Our boss, Ken Fisher, frequently reminds us that political biases are dangerous when it comes to capital markets—they blind you to the fundamental forces behind stocks. With that in mind, our political commentary is non-ideological by design. We prefer neither party, and history has shown neither is consistently better for stocks. Our goal is to determine how political factors may impact future stock direction, free from an ideological framework.
As fiscal cliff clocks continue quietly counting down, Washington histrionics approached cacophony Thursday, with talks veering toward the debt ceiling. You see, the agreement ending the debt-ceiling debate in 2011 not only created the Super(fail) Committee, it increased the debt ceiling to a point estimated to be reached in the next few months (read: just after the recent election). And this has drawn the ire of some already. But perhaps even more than the fiscal cliff, the debt ceiling is a mere political machination unlikely to derail the global economy and bull market.
The US Treasury currently estimates we’ll hit the country’s $16.4 trillion debt ceiling in early February 2013 (though these dates frequently change as the Treasury often finds cash in the couch cushions or a $20 in the laundry). And it seems political posturing is underway already. Released earlier this week, President Obama’s initial fiscal cliff plan included a request to end Congressional approval to raise the debt ceiling. Recall, up until World War I, the US government needed congressional approval to borrow money to finance any operation. To facilitate paying for World War I costs, Congress passed the Second Liberty Bond Act in 1917, codifying an overall US Treasury debt limit. The goal was to free Congress from what was seen as an arbitrary approval measure. Recall, Congress itself passes a budget and decides what actually gets spent. The US Treasury simply issues debt when the country’s expenses exceed revenues.
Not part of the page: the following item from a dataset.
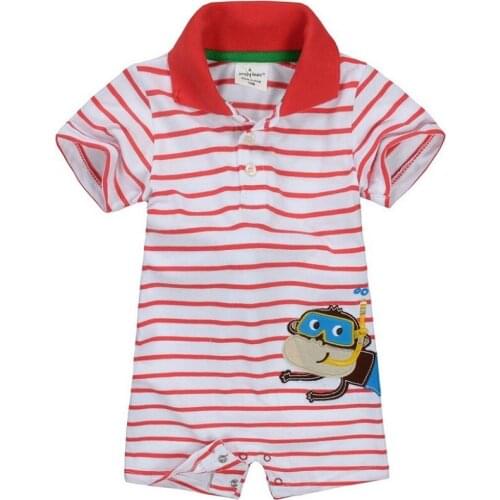 Stripe Monkey Baby Boy Clothes Newborn Romper Fashion Turn-Down Collar Baby Jumpsuits 100% Cotton Outfits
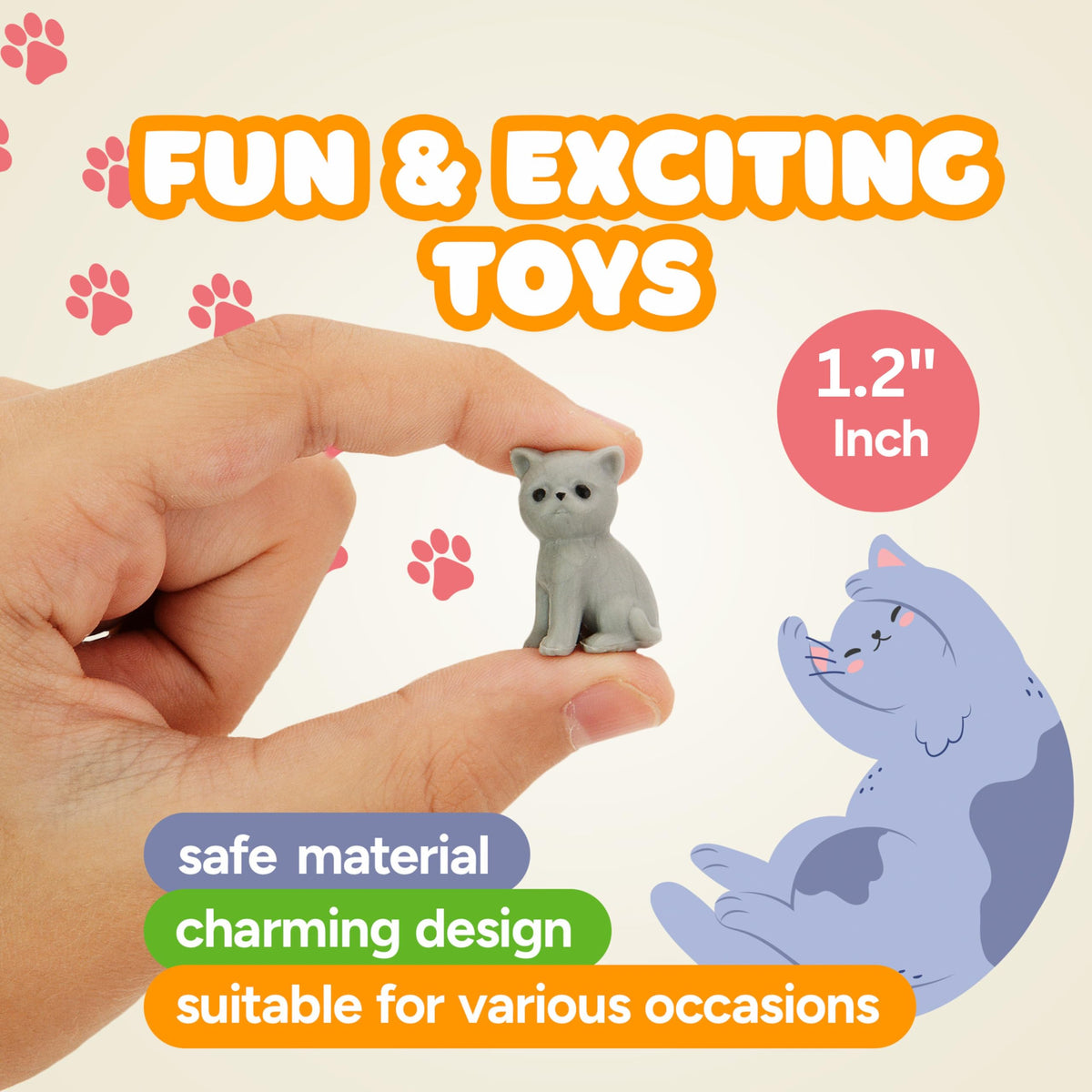 Tiny Dog and Cat Figurines for Kids - Small Animals Toys in Gift Box - Little Pet Toys - Tiny Plastic Toys for Kids Classroom Prizes - 30Pcs - Easter Gifts for Kids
For much of the 20th century, Congress passed debt ceiling raises with a bipartisan rubber stamp. However, in the mid-1950’s, raising the debt ceiling began to become more of a political wedge—with many politicians using the threat of hitting the debt ceiling (thereby preventing the government from raising new debt) to gain concessions on often unrelated legislation from the other party. Thus, what began as a way to ease the congressional burden of approving debt, became a political tool for parties to leverage their will (and thereby curry like-minded voters favor). And it’s a story we’ve seen play out nearly the same way 91 times since 1940. Eleven times in the last decade alone.
Obama’s proposal to scrap the congressional approval mandate on the debt-ceiling was actually borrowed from Senate Republican Leader Mitch McConnell, who first proposed it in last year’s debt-ceiling talks. The plan, hailed as the “McConnell Provision,” gives the president the ability to notify Congress of a pending hike to the debt limit. Congress would then have the opportunity to pass a resolution disapproving the hike. If they fail, the increase goes through automatically. If they succeed, the president would still have veto power, so a two-thirds majority would actually be needed to block any increase—a high bar to reach on any topic in Congress.
Unsurprisingly, Republican leaders balked at Obama’s proposal—unwilling to give up control on such a valuable bargaining chip and arguing for more cuts to spending. Obama hardened his position too though, stating no fiscal cliff deal would be possible without some resolution on the debt ceiling. But while we expect salvos on the fiscal cliff and debt ceiling to continue to nearly the last minute, in our view, it’s highly likely Congress finds enough compromise to kick the can (very likely both cans) down the line. After all, these are powerful political wedge issues for use in 2014’s mid-term election fundraising and politicking.
Even if politicians don’t manage to reach a compromise before December 31st (or February 2013 in the debt ceiling’s case), history shows similar situations lack real punch to derail the global economy and markets. With the fiscal cliff, it’s at least true that if the can isn’t kicked, taxes will rise and spending will be cut. (Though, as Ken Fisher has pointed out, the impact isn’t nearly as dire as many think—the cliff is much more of a rolling plain in that regard.) But the debt ceiling, although much political hay will be made on this topic between now and February 2013, has even fewer real consequences. You see, even if the self-imposed ceiling isn’t raised, the US doesn’t automatically default on its debt service obligations. In 2011, debt service costs were a mere 1.4% of GDP—tiny! They account for only about 9.9% of tax revenue in the same period. So while the government might have to turn the Congressional heaters a little lower or curtail tours in the Capitol, it’s likely our debt obligations still get paid. So, let the countdown clocks wind down—as it pertains to cliffs and ceilings in Washington, it seems the rhetoric far exceeds the reality.